Work instructions ::
Go to the line containing "A close up of" in the records below and print it and every following line exactly, on through the line containing "Homme d'affaires en", then stop.

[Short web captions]
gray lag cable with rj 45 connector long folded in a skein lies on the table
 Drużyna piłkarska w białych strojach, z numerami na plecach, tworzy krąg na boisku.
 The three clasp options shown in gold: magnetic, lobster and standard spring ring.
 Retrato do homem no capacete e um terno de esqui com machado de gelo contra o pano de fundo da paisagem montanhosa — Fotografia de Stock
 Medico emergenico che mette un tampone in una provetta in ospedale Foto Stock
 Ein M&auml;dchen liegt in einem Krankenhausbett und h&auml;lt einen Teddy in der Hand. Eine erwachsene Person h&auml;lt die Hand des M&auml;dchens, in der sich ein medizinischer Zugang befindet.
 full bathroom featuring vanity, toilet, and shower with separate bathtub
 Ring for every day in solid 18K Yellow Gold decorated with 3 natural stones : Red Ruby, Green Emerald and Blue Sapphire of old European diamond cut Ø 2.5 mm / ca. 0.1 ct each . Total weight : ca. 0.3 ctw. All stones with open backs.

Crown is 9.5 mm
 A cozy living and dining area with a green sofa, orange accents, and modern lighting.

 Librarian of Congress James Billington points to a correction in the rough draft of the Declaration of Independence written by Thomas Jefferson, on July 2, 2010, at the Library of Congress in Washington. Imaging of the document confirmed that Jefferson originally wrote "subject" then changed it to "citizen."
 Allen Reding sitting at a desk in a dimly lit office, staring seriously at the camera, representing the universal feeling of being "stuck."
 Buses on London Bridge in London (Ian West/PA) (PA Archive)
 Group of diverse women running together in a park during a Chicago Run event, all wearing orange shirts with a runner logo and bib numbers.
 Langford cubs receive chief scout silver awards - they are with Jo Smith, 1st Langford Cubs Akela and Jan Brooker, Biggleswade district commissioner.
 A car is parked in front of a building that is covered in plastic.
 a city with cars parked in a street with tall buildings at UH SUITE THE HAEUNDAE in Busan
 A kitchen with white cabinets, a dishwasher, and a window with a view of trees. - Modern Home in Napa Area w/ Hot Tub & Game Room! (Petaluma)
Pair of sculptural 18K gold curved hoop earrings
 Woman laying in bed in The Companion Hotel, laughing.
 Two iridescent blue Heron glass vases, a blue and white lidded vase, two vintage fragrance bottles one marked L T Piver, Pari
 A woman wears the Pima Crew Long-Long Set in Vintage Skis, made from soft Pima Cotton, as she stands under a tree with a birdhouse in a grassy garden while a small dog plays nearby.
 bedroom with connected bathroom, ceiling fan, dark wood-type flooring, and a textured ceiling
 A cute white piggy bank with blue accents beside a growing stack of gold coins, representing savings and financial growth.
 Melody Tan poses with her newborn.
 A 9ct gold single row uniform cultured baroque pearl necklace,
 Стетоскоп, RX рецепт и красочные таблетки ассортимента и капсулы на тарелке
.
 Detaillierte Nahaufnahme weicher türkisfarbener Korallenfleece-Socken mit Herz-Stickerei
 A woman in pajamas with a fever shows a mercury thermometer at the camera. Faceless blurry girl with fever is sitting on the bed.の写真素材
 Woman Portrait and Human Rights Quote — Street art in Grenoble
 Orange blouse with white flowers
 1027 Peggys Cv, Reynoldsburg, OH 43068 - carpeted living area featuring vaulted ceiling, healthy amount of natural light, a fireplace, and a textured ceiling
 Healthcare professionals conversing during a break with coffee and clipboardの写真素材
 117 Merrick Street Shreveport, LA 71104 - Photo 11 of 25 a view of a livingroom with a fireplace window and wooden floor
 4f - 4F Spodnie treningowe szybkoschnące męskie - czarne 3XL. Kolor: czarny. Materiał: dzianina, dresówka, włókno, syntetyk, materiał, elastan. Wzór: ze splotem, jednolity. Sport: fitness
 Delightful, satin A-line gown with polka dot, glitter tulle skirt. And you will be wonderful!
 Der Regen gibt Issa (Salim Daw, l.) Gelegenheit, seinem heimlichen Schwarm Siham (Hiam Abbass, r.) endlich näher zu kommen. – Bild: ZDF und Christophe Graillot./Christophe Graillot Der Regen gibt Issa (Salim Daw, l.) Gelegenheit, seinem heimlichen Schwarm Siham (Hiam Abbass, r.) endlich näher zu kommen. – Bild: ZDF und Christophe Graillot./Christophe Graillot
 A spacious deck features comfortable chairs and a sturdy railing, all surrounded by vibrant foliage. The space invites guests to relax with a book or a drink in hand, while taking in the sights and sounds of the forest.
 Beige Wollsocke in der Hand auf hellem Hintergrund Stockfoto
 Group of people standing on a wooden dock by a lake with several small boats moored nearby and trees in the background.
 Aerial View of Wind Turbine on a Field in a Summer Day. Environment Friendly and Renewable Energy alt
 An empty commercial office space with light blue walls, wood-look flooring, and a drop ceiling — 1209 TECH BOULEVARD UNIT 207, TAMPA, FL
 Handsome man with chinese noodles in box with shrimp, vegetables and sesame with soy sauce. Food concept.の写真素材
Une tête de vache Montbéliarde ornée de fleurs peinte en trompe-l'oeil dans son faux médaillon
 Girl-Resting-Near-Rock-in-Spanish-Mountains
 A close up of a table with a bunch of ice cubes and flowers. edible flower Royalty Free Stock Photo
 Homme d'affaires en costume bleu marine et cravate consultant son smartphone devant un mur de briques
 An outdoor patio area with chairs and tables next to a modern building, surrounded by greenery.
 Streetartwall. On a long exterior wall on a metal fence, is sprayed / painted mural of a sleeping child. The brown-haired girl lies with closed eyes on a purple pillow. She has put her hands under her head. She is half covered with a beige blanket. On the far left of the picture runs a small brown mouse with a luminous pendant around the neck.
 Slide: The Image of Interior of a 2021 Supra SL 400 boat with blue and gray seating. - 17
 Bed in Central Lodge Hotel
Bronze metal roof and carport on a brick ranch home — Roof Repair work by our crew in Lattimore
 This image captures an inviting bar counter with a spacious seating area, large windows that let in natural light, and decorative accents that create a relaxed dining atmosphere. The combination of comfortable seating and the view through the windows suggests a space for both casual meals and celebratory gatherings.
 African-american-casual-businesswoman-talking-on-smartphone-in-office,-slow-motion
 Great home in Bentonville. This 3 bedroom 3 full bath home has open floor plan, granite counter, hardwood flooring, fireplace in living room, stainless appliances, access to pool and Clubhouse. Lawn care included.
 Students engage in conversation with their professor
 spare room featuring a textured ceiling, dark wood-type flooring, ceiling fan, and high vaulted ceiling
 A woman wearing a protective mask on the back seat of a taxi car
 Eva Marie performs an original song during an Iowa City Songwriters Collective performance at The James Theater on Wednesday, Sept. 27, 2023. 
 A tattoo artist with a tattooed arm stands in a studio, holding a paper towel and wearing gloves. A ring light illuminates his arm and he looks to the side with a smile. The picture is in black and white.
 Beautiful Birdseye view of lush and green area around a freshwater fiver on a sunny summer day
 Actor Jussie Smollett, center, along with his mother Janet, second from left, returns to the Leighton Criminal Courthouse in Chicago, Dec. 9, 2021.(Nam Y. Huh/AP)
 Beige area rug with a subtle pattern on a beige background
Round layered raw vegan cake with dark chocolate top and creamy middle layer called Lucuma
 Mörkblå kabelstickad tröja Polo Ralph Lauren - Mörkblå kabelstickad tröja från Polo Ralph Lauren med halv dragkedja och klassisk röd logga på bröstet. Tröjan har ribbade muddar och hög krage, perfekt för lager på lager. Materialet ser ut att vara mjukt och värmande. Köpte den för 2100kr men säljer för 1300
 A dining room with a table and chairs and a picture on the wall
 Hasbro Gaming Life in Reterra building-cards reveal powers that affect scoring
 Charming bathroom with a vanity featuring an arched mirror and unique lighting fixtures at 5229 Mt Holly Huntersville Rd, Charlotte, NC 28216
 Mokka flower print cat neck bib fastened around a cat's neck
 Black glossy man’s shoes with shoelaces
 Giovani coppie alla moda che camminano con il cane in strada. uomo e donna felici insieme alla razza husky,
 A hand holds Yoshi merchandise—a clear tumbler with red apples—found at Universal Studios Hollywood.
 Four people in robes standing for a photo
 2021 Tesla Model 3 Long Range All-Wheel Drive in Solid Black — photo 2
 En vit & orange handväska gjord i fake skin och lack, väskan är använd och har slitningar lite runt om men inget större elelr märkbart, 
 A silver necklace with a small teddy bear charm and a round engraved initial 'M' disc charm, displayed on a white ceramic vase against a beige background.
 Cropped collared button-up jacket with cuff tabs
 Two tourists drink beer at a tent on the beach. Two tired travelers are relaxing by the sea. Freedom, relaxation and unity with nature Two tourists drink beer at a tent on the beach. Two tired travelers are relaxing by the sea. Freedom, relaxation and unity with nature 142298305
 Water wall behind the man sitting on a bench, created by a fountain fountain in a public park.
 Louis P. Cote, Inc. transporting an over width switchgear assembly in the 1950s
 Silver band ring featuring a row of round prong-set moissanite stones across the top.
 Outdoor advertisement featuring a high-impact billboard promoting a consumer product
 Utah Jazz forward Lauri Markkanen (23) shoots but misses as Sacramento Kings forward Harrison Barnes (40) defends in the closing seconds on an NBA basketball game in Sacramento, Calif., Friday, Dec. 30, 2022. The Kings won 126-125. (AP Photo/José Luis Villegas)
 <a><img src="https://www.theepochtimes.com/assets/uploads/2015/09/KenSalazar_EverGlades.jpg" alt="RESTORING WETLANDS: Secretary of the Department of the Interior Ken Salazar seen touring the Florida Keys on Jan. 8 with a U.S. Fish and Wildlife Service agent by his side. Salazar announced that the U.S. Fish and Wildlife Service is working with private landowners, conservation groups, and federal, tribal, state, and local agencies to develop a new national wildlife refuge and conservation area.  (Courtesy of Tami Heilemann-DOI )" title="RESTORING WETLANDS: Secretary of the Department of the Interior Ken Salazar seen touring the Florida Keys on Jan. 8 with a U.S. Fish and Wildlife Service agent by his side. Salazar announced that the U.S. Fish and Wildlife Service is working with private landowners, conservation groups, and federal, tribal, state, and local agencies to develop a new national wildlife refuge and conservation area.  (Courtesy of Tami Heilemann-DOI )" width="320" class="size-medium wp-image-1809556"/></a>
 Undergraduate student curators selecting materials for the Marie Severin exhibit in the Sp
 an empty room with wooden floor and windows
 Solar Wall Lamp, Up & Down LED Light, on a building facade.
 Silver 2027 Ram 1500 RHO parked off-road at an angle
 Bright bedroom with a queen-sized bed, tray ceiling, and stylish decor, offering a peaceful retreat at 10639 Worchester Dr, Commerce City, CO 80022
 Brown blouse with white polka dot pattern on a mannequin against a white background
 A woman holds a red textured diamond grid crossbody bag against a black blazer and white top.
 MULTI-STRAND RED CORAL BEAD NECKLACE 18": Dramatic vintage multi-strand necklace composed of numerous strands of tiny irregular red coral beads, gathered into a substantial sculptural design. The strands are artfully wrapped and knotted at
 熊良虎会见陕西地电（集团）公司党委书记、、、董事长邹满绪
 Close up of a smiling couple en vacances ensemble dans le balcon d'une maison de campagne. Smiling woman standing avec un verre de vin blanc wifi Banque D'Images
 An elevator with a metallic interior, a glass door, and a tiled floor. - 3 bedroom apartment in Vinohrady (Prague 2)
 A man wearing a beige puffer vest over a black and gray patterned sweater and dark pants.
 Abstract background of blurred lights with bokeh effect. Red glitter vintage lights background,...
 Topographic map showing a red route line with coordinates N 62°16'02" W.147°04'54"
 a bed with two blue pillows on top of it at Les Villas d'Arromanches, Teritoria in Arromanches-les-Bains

Answer below ::
 A close up of a table with a bunch of ice cubes and flowers. edible flower Royalty Free Stock Photo
 Homme d'affaires en costume bleu marine et cravate consultant son smartphone devant un mur de briques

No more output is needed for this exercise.